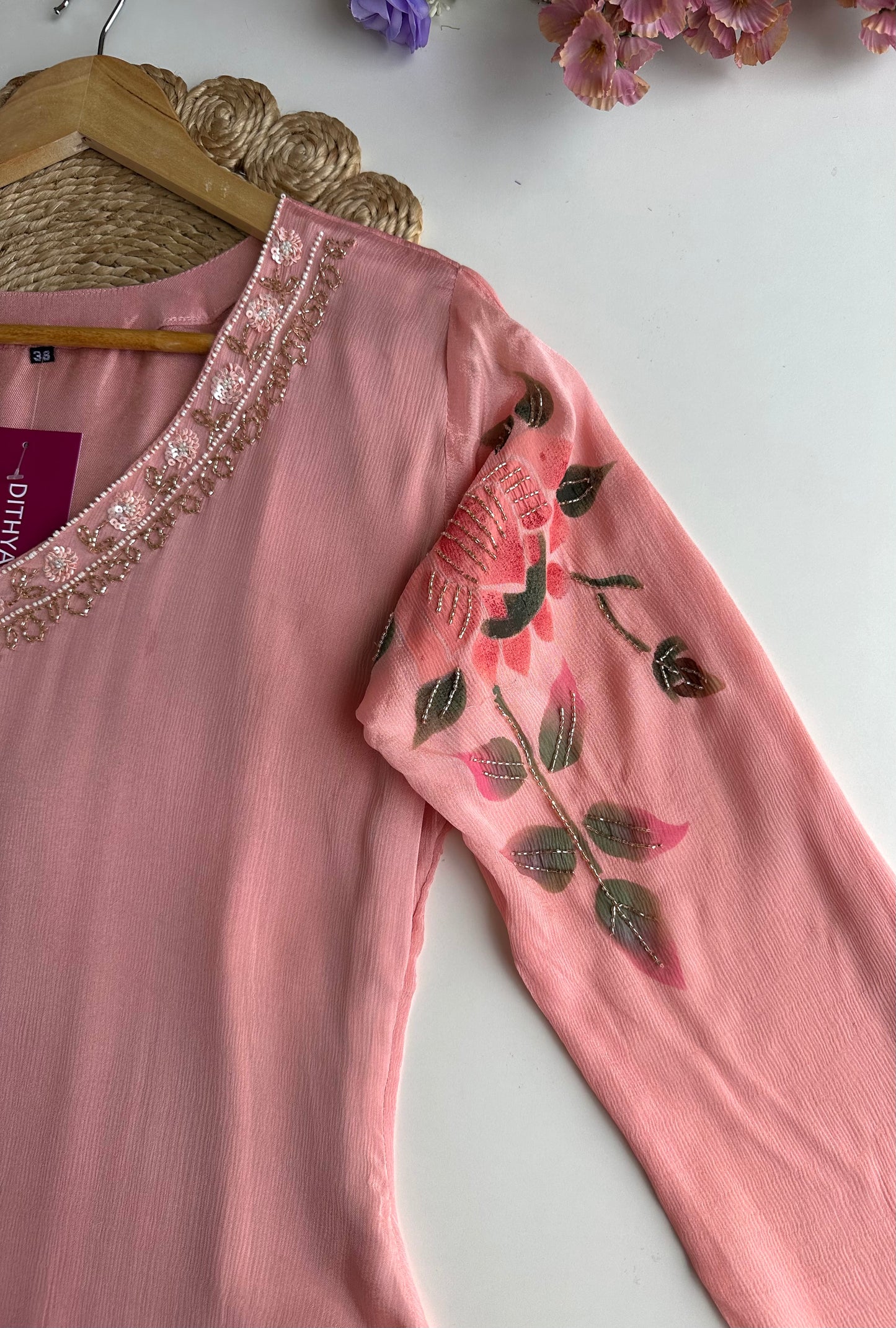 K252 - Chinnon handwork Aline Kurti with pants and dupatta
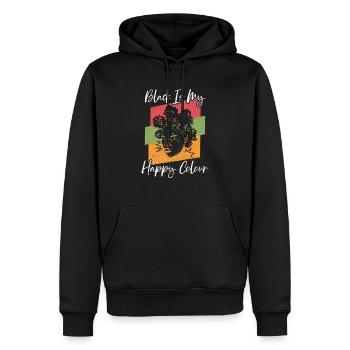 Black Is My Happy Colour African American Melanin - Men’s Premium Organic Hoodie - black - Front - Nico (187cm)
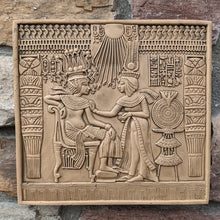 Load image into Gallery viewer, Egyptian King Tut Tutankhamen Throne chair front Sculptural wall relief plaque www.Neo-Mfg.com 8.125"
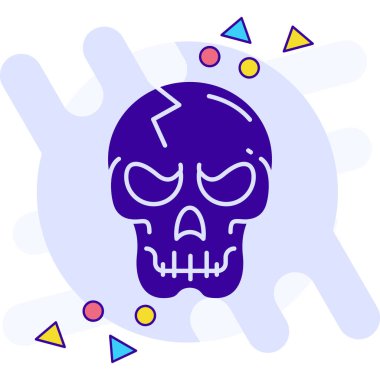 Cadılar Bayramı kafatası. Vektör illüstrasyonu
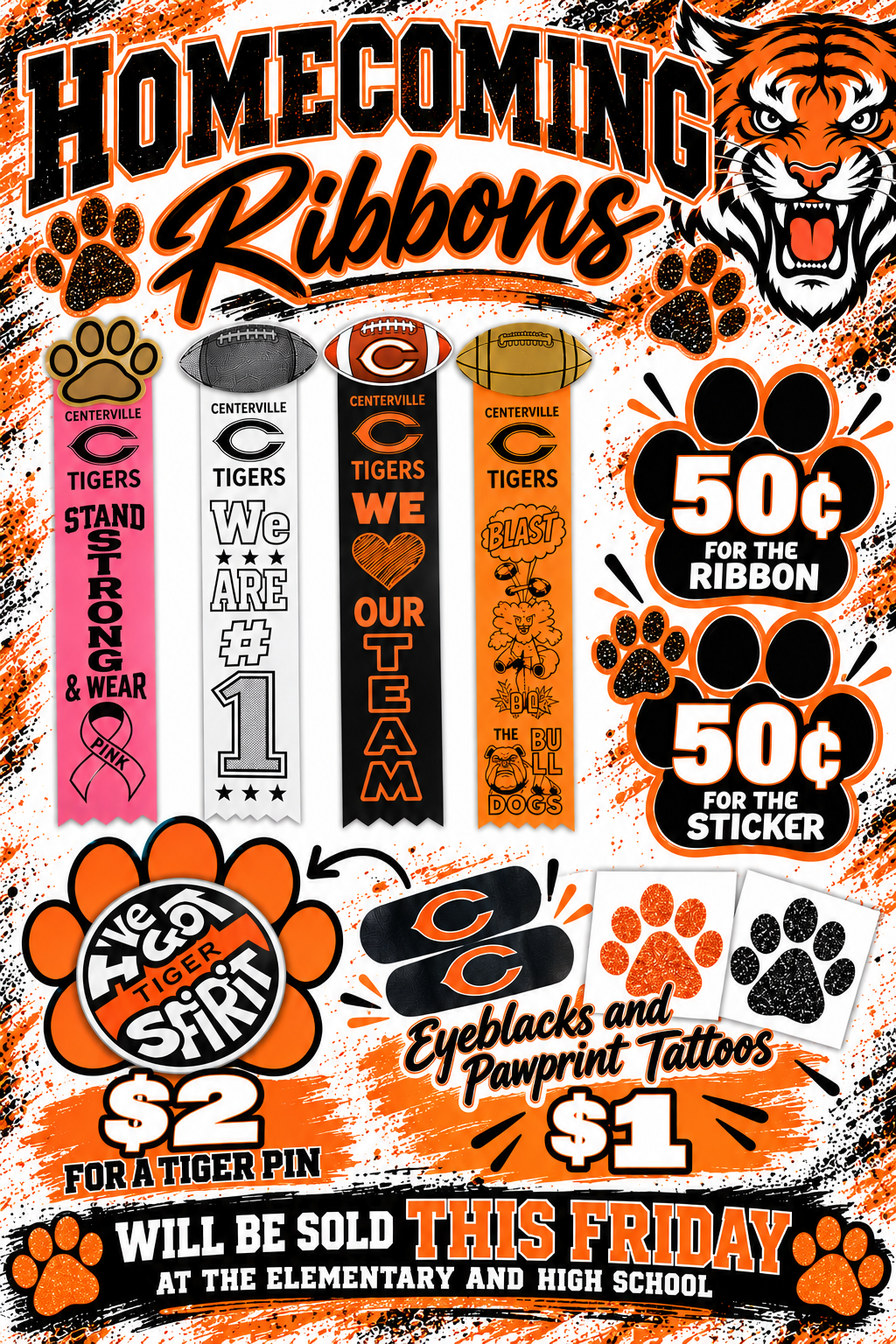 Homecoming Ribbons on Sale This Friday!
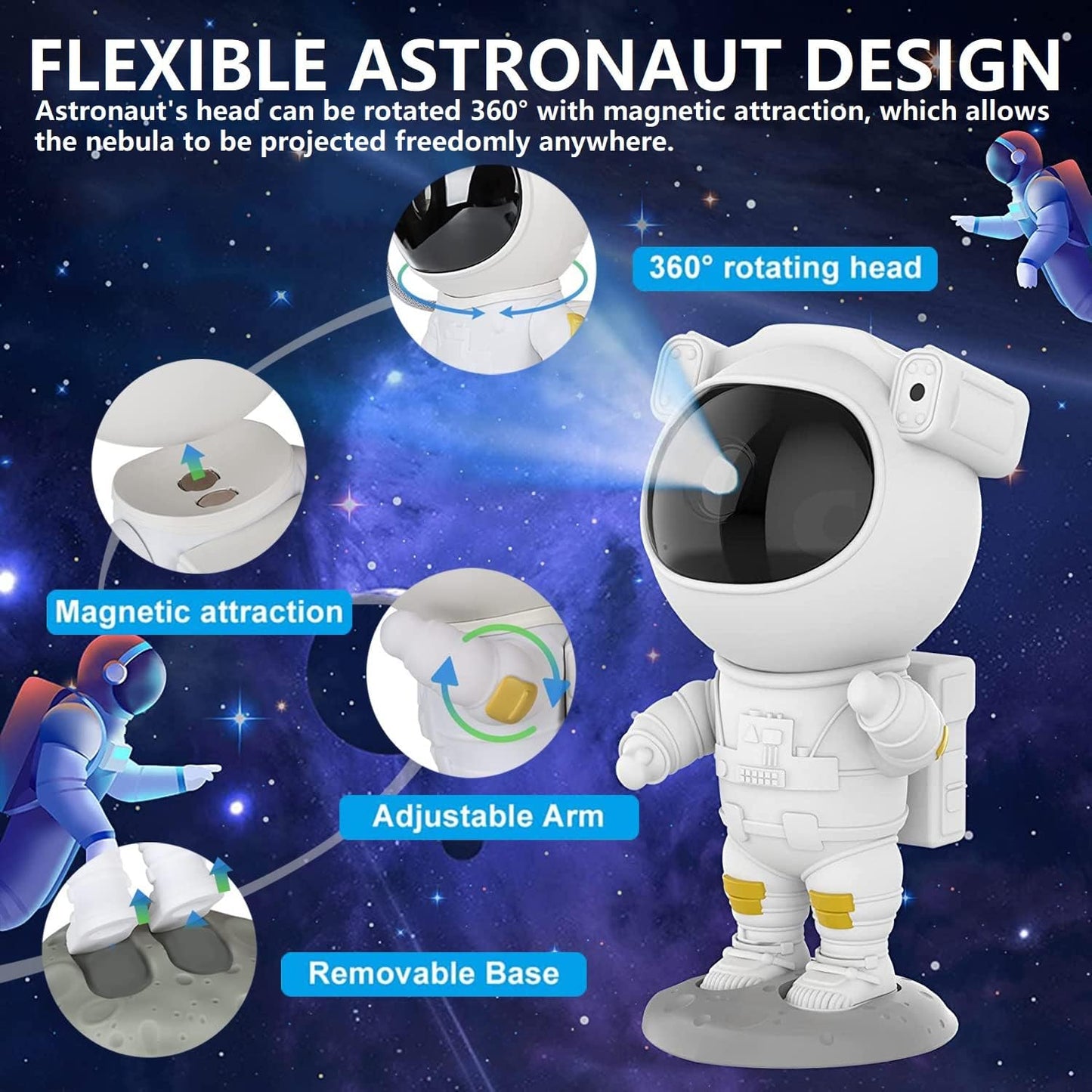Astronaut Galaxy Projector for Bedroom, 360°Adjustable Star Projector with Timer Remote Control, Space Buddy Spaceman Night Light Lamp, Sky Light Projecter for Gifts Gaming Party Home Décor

----------

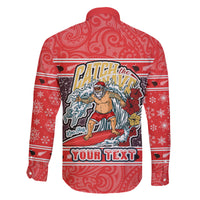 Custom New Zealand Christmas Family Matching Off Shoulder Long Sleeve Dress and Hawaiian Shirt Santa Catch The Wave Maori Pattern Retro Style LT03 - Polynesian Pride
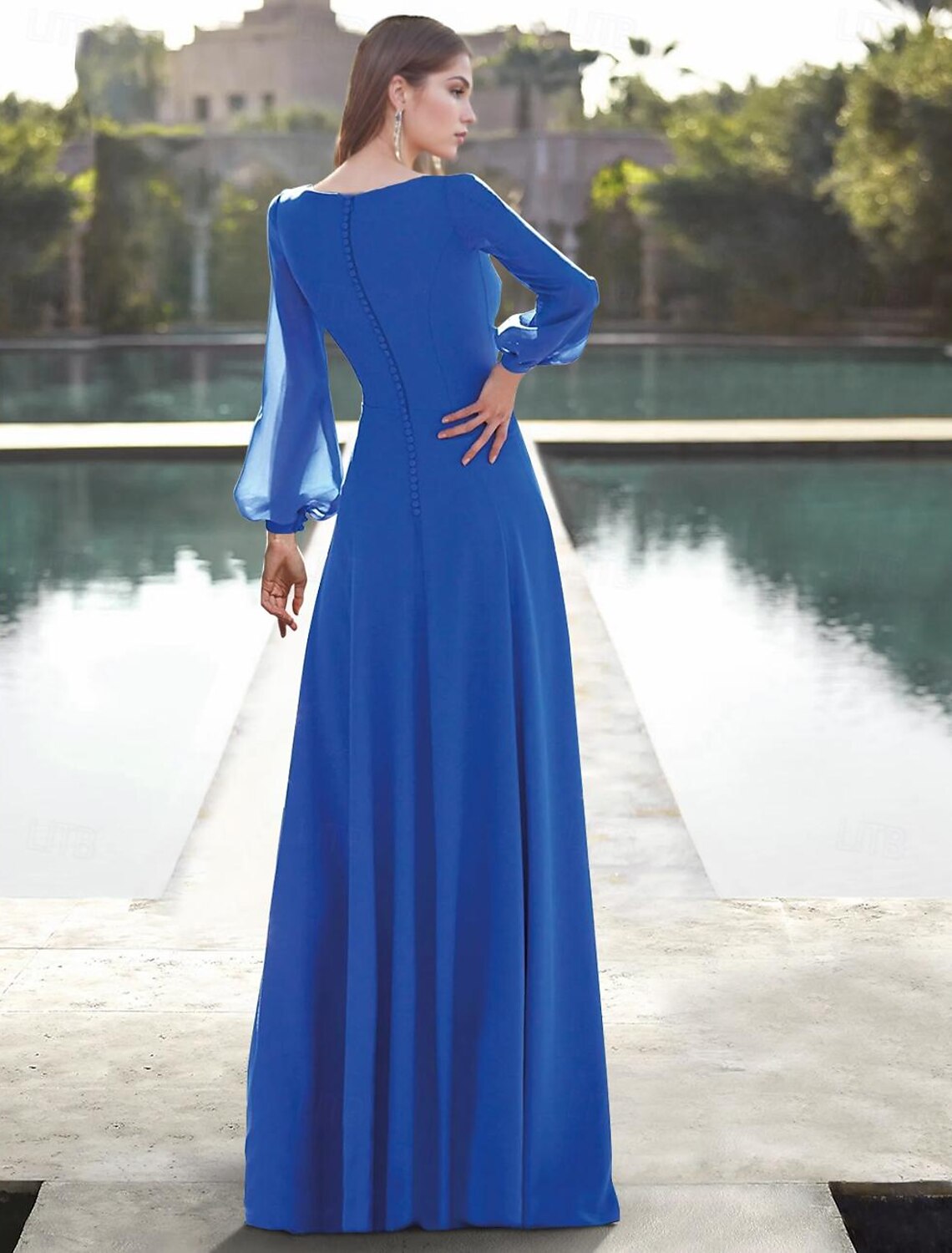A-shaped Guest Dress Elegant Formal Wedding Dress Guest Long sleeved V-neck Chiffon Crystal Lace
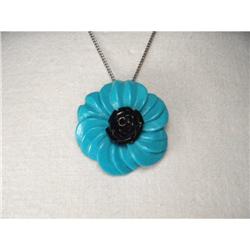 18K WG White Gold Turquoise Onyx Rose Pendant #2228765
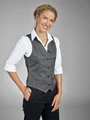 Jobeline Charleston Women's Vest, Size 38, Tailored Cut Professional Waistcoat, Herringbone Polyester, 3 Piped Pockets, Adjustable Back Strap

----------

YOUR INSTRUCTIONS: "A-shaped Guest Dress" marks the first line to copy, and "Jobeline Charleston Women's" marks the last. Repeat that stretch above exactly, with no pictures.

RESPONSE BOX:
A-shaped Guest Dress Elegant Formal Wedding Dress Guest Long sleeved V-neck Chiffon Crystal Lace
 18K WG White Gold Turquoise Onyx Rose Pendant #2228765
 Jobeline Charleston Women's Vest, Size 38, Tailored Cut Professional Waistcoat, Herringbone Polyester, 3 Piped Pockets, Adjustable Back Strap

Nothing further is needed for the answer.